Bei dem verwendeten System zur schnellen Applikation der Testsubstanz (Abbildung 5) wird der Agonist der Zelle mittels eines Flüssigkeitsfilamentes zugeführt. Die Applikations-kapillare mit einem Innen-Durchmesser von 0,15 mm ist parallel zum Fluss der Badlösung angebracht. Ihre Öffnung weist dabei in Richtung des Abflusses. Die Applikationskapillare ist mit einem Applikationssystem verbunden, welches in zwei Kammern jeweils die Kontroll-Lösung und die Testlösung enthält. Der Wechsel zwischen beiden Kontroll-Lösungen wird manuell durch einen Hebel gesteuert. Das Austreiben der Flüssigkeiten geschieht mit Druckluft. So wird ein laminar strömendes Flüssigkeitsfilament in der Badlösung erzeugt. Das Filament der Kontroll-Lösung wird hierbei durch den Lebensmittelfarbstoff Brilliantgrün (E142) sichtbar gemacht. Die Applikationskapillare ist mit einem Piezo-Kristall verbunden, der sie beim

Anlegen einer Spannung von 1000 V zur Seite bewegt. Der Membran-Patch, der vorher direkt neben dem Filament platziert wird, wird so für eine definierte Zeit komplett von dem Agonistenstrom umspült (Abbildung 6). Ein schneller Lösungswechsel zwischen der kontinuierlich fließenden Badlösung und dem Agonisten, wie er für die Untersuchung ligandengesteuerter Ionenkanäle erforderlich ist, wird hierdurch gewährleistet.

Abb. 5

Schematische Darstellung des Systems zur schnellen Applikation des Agonisten.

0-100V

Hintergrund-L฀ung Glas-Kapillare

Fl・sigkeits-Filament

Piezo Zelle

Patch-Elektrode

Abb. 6

Die beiden Fotografien zeigen die Position der Patchkapillare zum Lösungsfilament vor (links) und während der Applikation (rechts).

2.2.5.3 Die Patch-Clamp-Kapillaren

Die Patchkapillaren werden vor jedem Experiment neu aus Glaskapillaren hergestellt, um Beschädigung oder Verschmutzung der Spitzen zu vermeiden.
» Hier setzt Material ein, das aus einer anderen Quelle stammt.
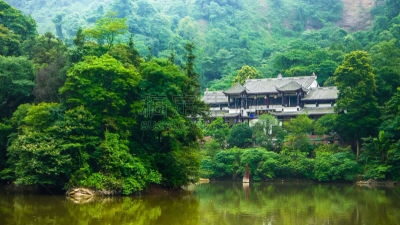 建筑物门,山,缆车,中国,都江堰 ,成都,道教,四川省,空中缆车,中国中南部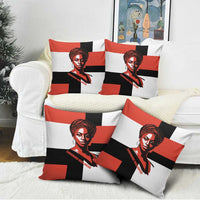 Chimamanda Ngozi Adichie Pillow Cover with Bold Red Portrait, We Should All Be Feminists Quote - Wonder Print Shop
Die Glaskapillaren bestehen aus Borosilikat und besitzen einen äußeren Durchmesser von 1,5 mm und einen inneren von 1,17 mm. Bei der Herstellung entstehen aus einer Glaskapillare zwei Patchkapillaren mit konischer Spitze. In einem ersten Schritt wird die Glaskapillare in der Mitte erhitzt und so weit auseinandergezogen, bis sie reißt. Im zweiten Schritt werden die Kapillaren hitzepoliert.

Die so entstandenen Patchkapillaren besitzen einen Eingangswiderstand von 5-8 MΩ und einen Öffnungsdurchmesser von ungefähr 1 µm.

2.2.5.4 Datenerfassung und Auswertung

Zur Akquisition der Daten und ihrer Analyse wird ein Patch-Clamp-Messverstärker in Kombination mit der zugehörigen Software verwendet. Bei den Untersuchungen zur direkten Aktivierung werden die durch ein Medikament erzeugten Ströme normalisiert auf den Strom, der durch eine 1000 µM Glycin-Lösung hervorgerufen wird. Die Größe des coaktivierten Stroms (I) wird angegeben als Prozent der Amplitude des durch eine 10 µM Glycin-Lösung

induzierten Stroms (I0) (E (%) = 100 [(I-I0)/I0]). Maximale Konzentrationen, für die verlässliche Ergebnisse erzielt werden können, liegen im Bereich von 3000 µM. Sollte in dieser Konzentration kein Plateau-Effekt erreicht sein, gilt als Maximaleffekt der durch diese Konzentration ausgelöste Effekt. Die Anpassung einer Hill-Funktion an die Messergebnisse (Inorm=[1+(EC50/[C])nH]-1) führt zu den Agonisten-Konzentrationen für die halb-maximale Aktivierung des Rezeptors (EC50) und zu den Hill-Koeffizienten nH.